Matt Magnusson is showing me around a wing of St. Ann’s Center where Catholic Community Service ran its youth behavioral health program, which is shutting down because grant funding dried up.
It’s where the 20-year-old has worked for about a year and a half. He helped kids with issues like post-traumatic stress disorder, reactive attachment disorder and bipolar disorder.
Catholic doctrine teaches that homosexuality is also a disorder, and acting on it is immoral. As an openly gay man who doesn’t identify with any religion, you’d think Magnusson would have to navigate a minefield of identity politics at work.
“Through talking with my friends and other gay people, they have a lot of problems sometimes with their jobs,” Magnusson said. “And I’ve never once had a complaint working here when it comes to my sexuality. Which, that’s a really wonderful thing to be able to say as a gay person. A lot of times people have nowhere close to that experience, which is horrible. To come to the place where you spend most of your time during your life and be discriminated against, that’s just an awful thing.”
However, Magnusson’s nonprofit, which the bishop of the Catholic Diocese of Juneau can influence through its governing board, would be within its rights to fire him simply for being gay.
The Juneau Assembly wants the public to weigh in on a proposed ordinance that would make that illegal. The equal rights ordinance would outlaw many forms of discrimination, including that based on sexual orientation and gender identity. With a few exceptions, it would apply to public institutions as well as private sector businesses, employers, schools, and housing and lending institutions.
Deputy Mayor Jesse Kiehl introduced the measure last week.
Agencies like the Alaska State Commission for Human Rights enforce anti-discrimination laws based on race, sex, age, religion and other traditionally protected classes.
“But they have a gaping hole when it comes to discrimination based on sexual orientation or on gender identity,” Kiehl said.
The 12-page ordinance he’s proposing would protect those new classes in addition to the ones already covered.
The ordinance would not create a new city agency to handle enforcement, but Kiehl said it would give victims of discrimination the grounds to take an employer, business, landlord, lender or other institution to court where state and federal laws don’t apply.
In the early ‘90s, the Juneau Assembly considered a similar measure. A watered down version eventually passed that was limited to job discrimination within the municipal government.
Kiehl thinks today’s Juneau is ready for broader protections.
“Since then, I think that we live in a world where people now realize that they know gay people,” he said. “Where, 20 some years ago, there was too much risk of physical violence against gay people for them to let it be known who they really are.

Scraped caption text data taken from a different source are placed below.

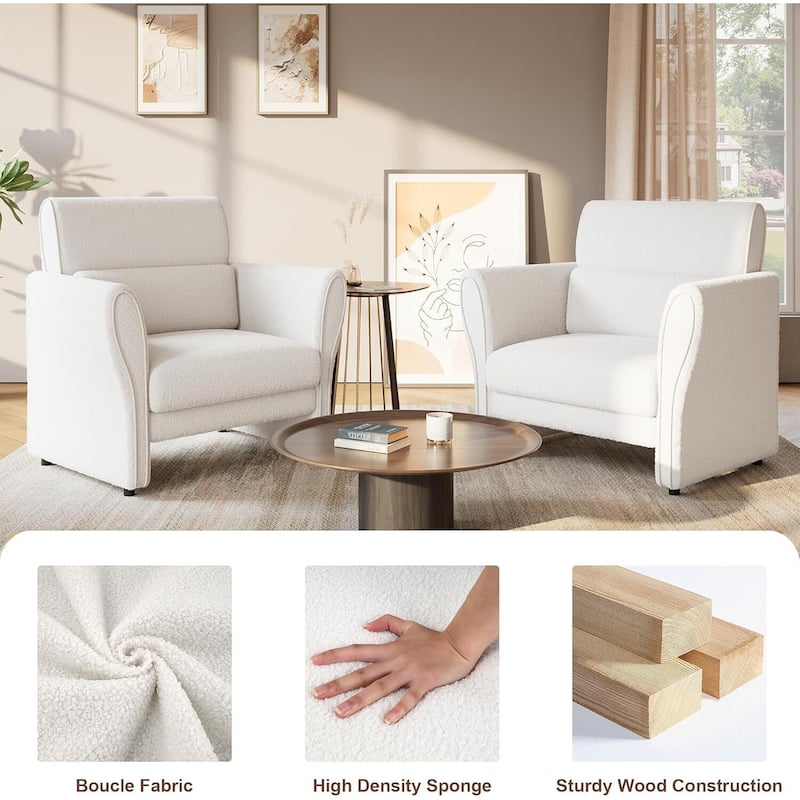 Modern Loveseat Sofa, with High Backrest and Removable Lumbar Pillows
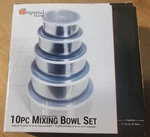 Imperial Home 10PC Mixing Bowl Set With Lids Stainless Steel. Fixed Price $13.95.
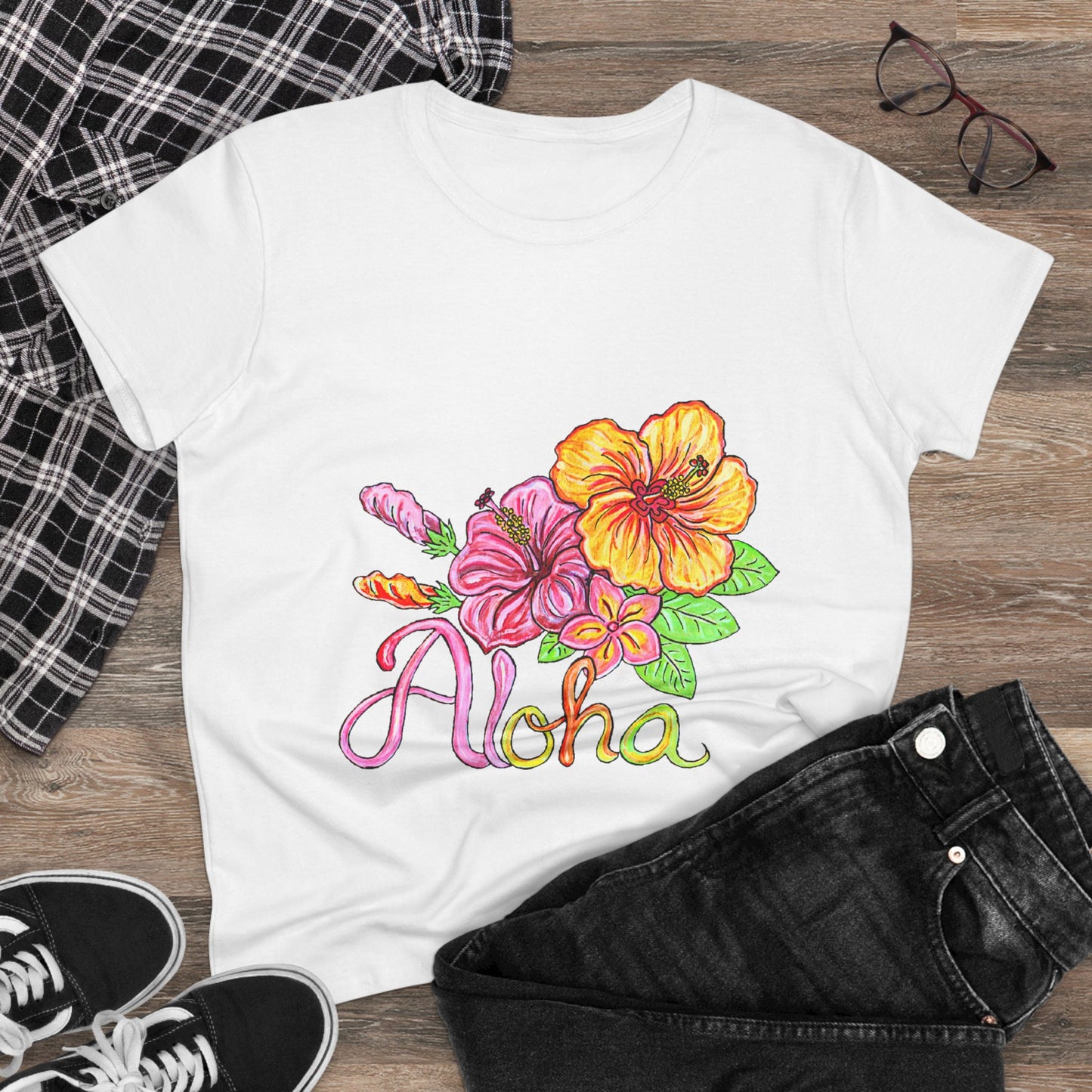 Aloha Flowers Women's Midweight Cotton Tee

And ultimately, that’s what we’re talking about, it’s discrimination based on who you really are.”
Magnusson, who grew up in Juneau, said for the most part the community’s been a loving and accepting place to be himself. For the most part.
“I’ve been in the store where I’ve heard people make comments under their breath behind me, and that’s just a part of being gay,” he said. “Whenever I go to Seattle, I can totally let my guard down. Like, I can walk with my boyfriend down the street holding his hand. No problem. Walking down the street in Juneau we won’t do because … we stand out too much. There’s locals that look at us. Even the tourists kind of notice it a little bit because it’s a different thing for Juneau, Alaska. It’s a small town, you don’t see that.”
He said Kiehl’s ordinance is necessary and welcome.
Kiehl said he’s shared the ordinance with faith leaders and thinks he’s crafted it in a way that won’t affect First Amendment religious freedoms. Like other communities that have tried this, he does expect some reluctance.
“There’s a lot of fear — but actually, no problems. So that’s what I suspect will come as we work to pass this,” Kiehl said.
The ordinance must go through the committee process before a final vote by the Juneau Assembly.